Tout faire pour réduire l’usage des phytosanitaires

6152.hr - Illustration Tout faire pour réduire l’usage des phytosanitaires
René et Julien Collin, 2 des 4 associés du Gaec situé à Bédée (35).
Les associés du Gaec Collin-Berrée ont expliqué leur façon de réduire l’usage de produits phytosanitaires sur leur exploitation.

Les organisateurs du Space ont sélectionné le Gaec Collin-Berrée situé à Bédée (35) pour une visite d’exploitation en parallèle du salon. René Collin retrace son parcours : « Je me suis installé seul en reprenant la ferme des parents de mon épouse Régine. La production était de 147 000 litres de lait avec 30 vaches et 28 ha de terres. » Ne pouvant pas obtenir de quota supplémentaire en 1987, il construit un 1er poulailler de 400 m2 dédié à l’élevage de canard. En 1992, il construit un 2e bâtiment de 450 m2 et reprend 20 ha. « En 1997, mon épouse s’installe et en 2002 nous créons un Gaec avec mon frère Daniel qui était éleveur à Noyal-sur-Vilaine ; nous passons alors à une production de 396 000  litres sur 97 ha. Notre fils Julien rejoint le Gaec en 2007 en reprenant une exploitation voisine produisant 258 000 litres sur 48 ha. »

Le groupe Dephy plutôt qu’une nouvelle MAE

En 2009, les associés s’engagent dans une MAE visant à réduire l’utilisation des herbicides. « Pour les céréales, nous désherbons sortie d’hiver en réduisant les doses. Nous acceptons d’avoir quelques repousses de ray-grass qui n’impactent pas le rendement. Nous allongeons les rotations en introduisant une culture de RGI + trèfle destiné à la fauche qui offre l’avantage de réduire certaines résistances au désherbage. Le maïs après prairie n’est plus désherbé. Nous passons la houe rotative et nous binons. Le binage nous a permis d’améliorer nos rendements. L’adage qui dit un binage vaut deux arrosages se vérifie », décrit Julien Collin. En 6 ans, l’IFT est passé de 1,25 à 1,13. Pour autant, les associés ont décidé de ne pas se réengager dans une MAE à cause des contraintes. Ils ont préféré rejoindre un groupe Dephy pour apprendre et échanger sur les pratiques concrètes de chacun. Cela a permis de réduire l’usage des fongicides sur blé en travaillant sur les mélanges variétaux.
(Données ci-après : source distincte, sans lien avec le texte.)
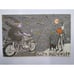 Halloween Postcard Witch On Motorcycle Black Cat Moon Bats Flying Rabbit 1993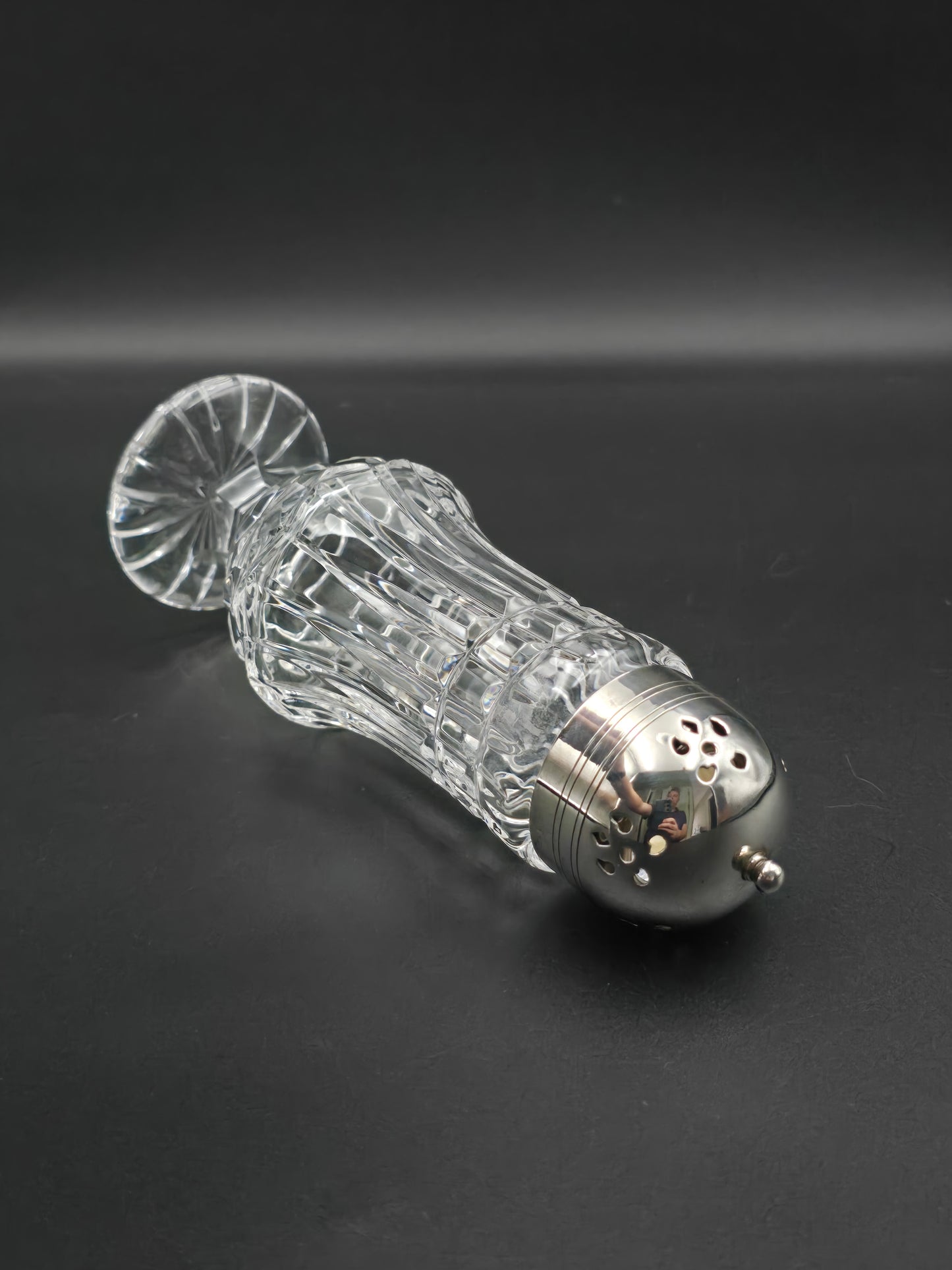 Large Vintage cut glass sugar shaker. 20cm tall.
Gagner en confort de travail

Les problèmes physiques (tendinites épaules, coudes, poignets) de Julien et Régine liés à la traite les ont poussés à investir dans 2 robots de traite en 2014. « Avec 45 vaches par robot nous avons de la souplesse dans leur gestion, pas besoin de sauter s’il y a un problème sur l’un des deux. » Les éleveurs sont passés en système lisier pour gagner en confort de travail. « Le lisier destiné aux prairies et au maïs est aussi plus facile à stocker que le fumier et permettra peut-être un investissement futur dans une unité de méthanisation », conclut Julien Collin.

Vers un arrêt anticipé du canard

« Il y a 2 ans notre groupement nous avait proposé de faire un bâtiment neuf pour élever des canards. Étant proche de la retraite nous n’avons pas donné suite », explique René Collin. Ces bâtiments amortis depuis longtemps permettent de générer de la valeur ajoutée sur l’exploitation. Mais la crise qui touche la production, cumulée à un manque de débouché du canard vers la RHD, met les éleveurs de canard en péril. « Cette année nous allons faire 1,5 lot au lieu de 3,5 normalement. Nous sommes sur un vide sanitaire de 13 semaines », déplore l’éleveur qui indique qu’il reste uniquement ses 2 poulaillers sur un secteur qui en totalisait 12 il y a peu de temps. Le revenu de l’exploitation se trouve lourdement impacté. Cette production sera arrêtée par Julien Collin lorsque ses parents prendront leur retraite.